2.1.4. Le type de cartes.

Une fois déterminées la période et la région couvertes par mon corpus, il restait à définir précisément le type de cartes qu’il devait comprendre. La catégorie des cartes topographiques à laquelle je m’intéressais avait connu des acceptions variées selon les époques et les usages qui ne facilitaient pas une définition précise et stricte des cartes à intégrer dans mon corpus. Mon questionnement principal portant sur la représentation cartographique « scientifique » du relief, c’est-à-dire à partir de mesures instrumentales du terrain, les cartes concernées auraient dû avoir comme caractéristiques principales d’être dressées à partir de levés directs. Cette catégorisation se révélait pourtant trop rigide parce qu’elle excluait des cartes importantes dans l’évolution de la représentation détaillée du relief qui avaient été réalisées à partir de données indirectes, provenant parfois de triangulations exécutées pour d’autres réalisations cartographiques, parfois directement d’autres cartes. La définition des cartes topographiques par une fourchette d’échelles n’était pas non plus suffisamment pertinente, puisque les échelles considérées comme topographiques variaient selon les époques.

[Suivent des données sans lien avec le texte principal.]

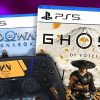 PlayStation Announces a Major Sale on Everything PS5 This Week, Including Games From Just  Each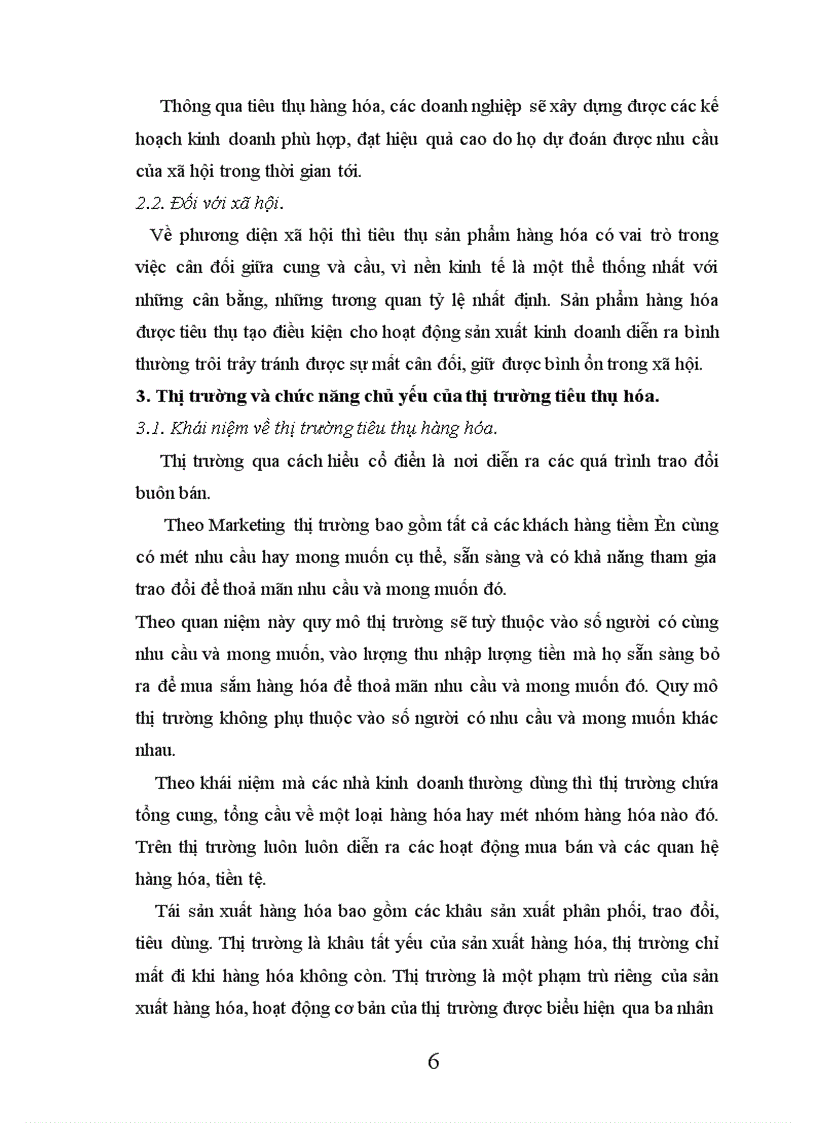 image for page Các biện pháp đẩy mạnh tiêu thụ hàng hoá tại công ty trách nhiệm hữu hạn Úc Đại Lợi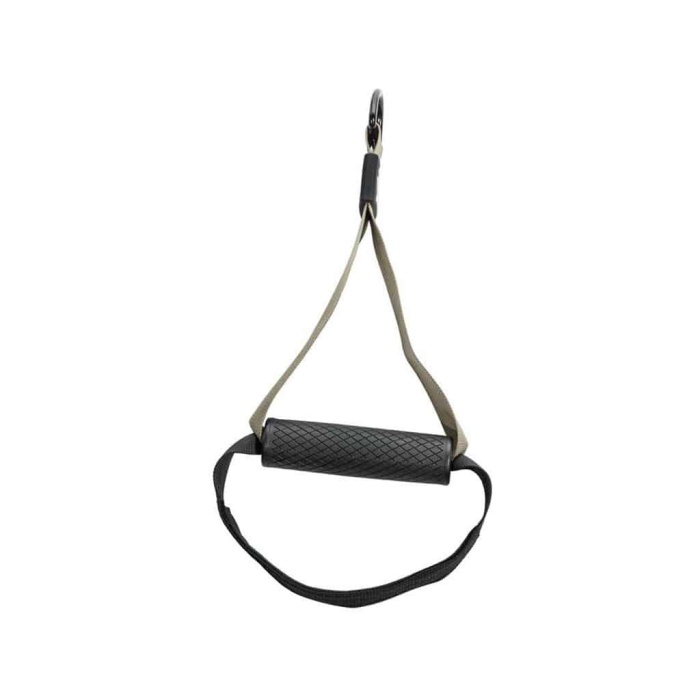 Suspension Training System(TRX) - Ruster - Imagen 2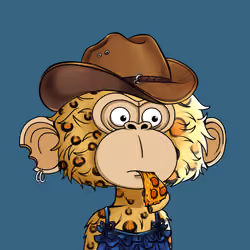 jimmy #2401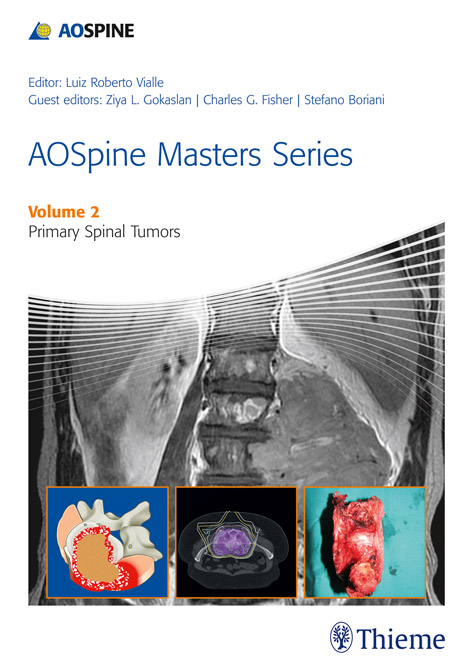 AO Spine Masters Series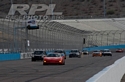 LVRSCCA Autocross - Round 13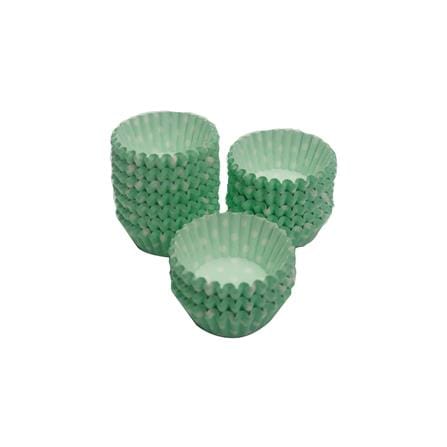 LITTLE HOMES PAPER BAKING CUPS-01 PRINTING 350S 966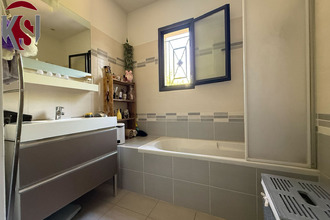  maison st-maximin-la-ste-baume 83470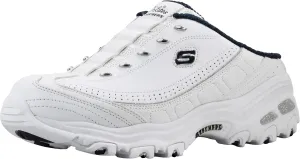 Skechers Women's D'Lites-Bright Sky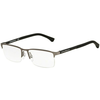 Emporio Armani Naočare EA 1041 3130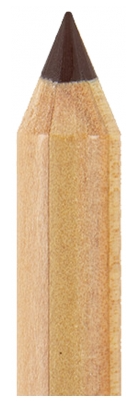 Boho Green Make-Up Eyebrow Pencil 1 Unit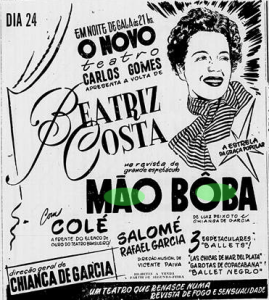 Captura de Tela 2015-07-05 às 20.35.21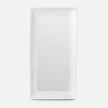 Hetty Rectangular Mirror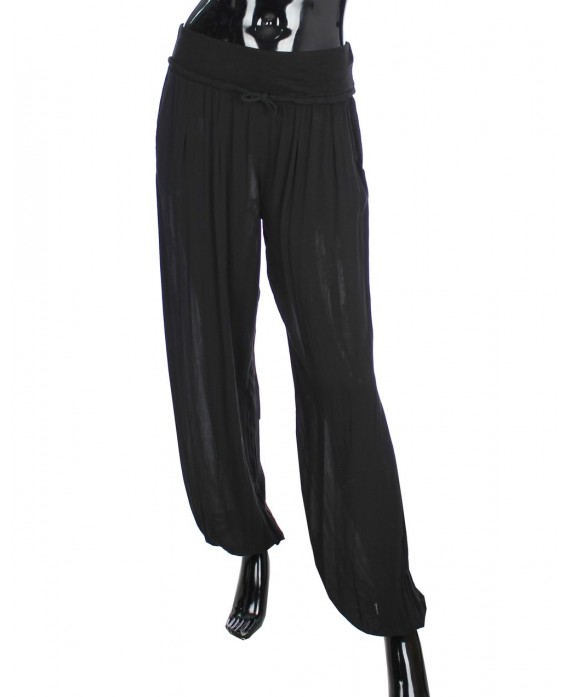 PANTALON 1913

Devant l’impossibilité de définir les caractéristiques précises déterminant la nature topographique d’une carte, je décidai d’adopter une définition plus souple qui prenait en compte l’époque considérée : seraient incluses dans mon corpus toutes les cartes majoritairement perçues comme topographiques dans le contexte de leur publication. Jusqu’à la fin du 19e siècle, cette définition recouvrait la carte d’état-major au 1 : 80 000 et des cartes d’auteurs indépendants jusqu’à l’échelle du 1 : 100 000110. Pour le 20e siècle, elle comprenait essentiellement les cartes à une échelle supérieure au 1 : 60 000. Les cartes dérivées, c’est-à-dire dressées à partir d’autres cartes, ne furent intégrées au corpus que si elles apportaient des données supplémentaires importantes pour l’usage contemporain des cartes topographiques, par exemple les itinéraires d’alpinisme, ou si elles s’inséraient dans des séries importantes, comme les cartes publiées par l’Army map service américain pendant la deuxième guerre mondiale. Les plans industriels, à une échelle généralement supérieure au 1 : 10 000, ne furent pas retenus parce qu’ils formaient, dans la conception même des contemporains, une catégorie différente de cartographie. Les cartes géologiques ou hydrographiques furent également rejetées parce qu’elles présentaient des caractéristiques dépassant de loin la simple spécialisation. Enfin, si certaines cartes-esquisses furent intégrées au corpus parce qu’elles avaient eu une influence importante liée à la couverture d’une région encore peu cartographiée ou parce qu’elles avaient été dressées à partir de levés directs même simples, les cartes-croquis très localisées qui se multiplièrent avec le développement des topo-guides ne furent pas incorporées, principalement parce que leur représentation schématique du relief sortait du cadre d’une topographie « scientifique ».

Notes
110.

Quelques rares cartes à des échelles inférieures ont été intégrées au corpus pour leur intérêt historique dans la formation d’une cartographie indépendante (voir infra, partie 2, chapitre 2.1).